Speaker Announcement: Dr Amy McQuire to present the 2026 Epeli Hau’ofa Annual Memorial Lecture
AAPS is delighted to announce that Dr Amy McQuire will deliver the Epeli Hau’ofa Annual Memorial Lecture for 2026. The lecture will take place on the early evening of Thursday, 16 April followed by the postgraduate/ECR workshop in the morning of Friday, 17 April.
The event will be hosted at Flinders University by the Unbound Collective: Associate Professor Ali Gumillya Baker, Associate Professor Natalie Harkin, Professor Simone Ulalka Tur and Dr Faye Rosas Blanch. This event is funded through the ARC Discovery Indigenous ‘Reimagining the Humanities through Indigenous Creative Arts’. More information on registration, along with details about the lecture and the postgraduate/ECR workshop, will be shared in the coming weeks.
Dr Amy McQuire

Dr Amy McQuire is a Journalist-Academic, and Senior Lecturer at the Carumba Institute.
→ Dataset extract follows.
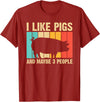 Cool Pig Gifts Farmer Pigs Accessories & Stuff Funny Pig for Men Women Farm Animal Swine Vintage Pig Lovers T-Shirt - Cranberry Red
She is a proud Darumbal and South Sea Islander woman from Rockhampton in Central Queensland and a researcher looking at Indigenous media and issues of Indigenous justice, particularly in the cases of disappeared Aboriginal and Torres Strait Islander women and girls.
Dr McQuire is an Australian Research Council (ARC) Discovery Early Career Research (DECRA) Fellow (2026-2028) researching Black Justice Journalism.
Dr McQuire’s professional background is independent Indigenous journalism. She has spent nearly two decades working in the field, and still practices journalism independently. Her first non-fiction book Black Witness: The Power of Indigenous Media, published by University of Queensland Press, was highly awarded, winning the Queensland Premier’s Literary Award for a Work of State Significance , the Victoria Premier’s Literary Award for Indigenous Writing 2025, and the 2025 Danger Award for Best Crime Non-Fiction 2025. Black Witness was also shortlisted for the prestigious Stella Prize, as well as many other awards. Her first children’s book Day Break was published by Hardie Grant Children’s Publishing in 2021.
Amy’s work interrogates the role of media in reproducing violence against Aboriginal women, specifically looking at the cases of disappeared and murdered Aboriginal women and girls. She completed her PhD into media representations of violence against Aboriginal women at the University of Queensland. It won a Dean’s Commendation for Outstanding Thesis and the Lowitja Institute’s Aboriginal and Torres Strait Islander Student of the Year 2023.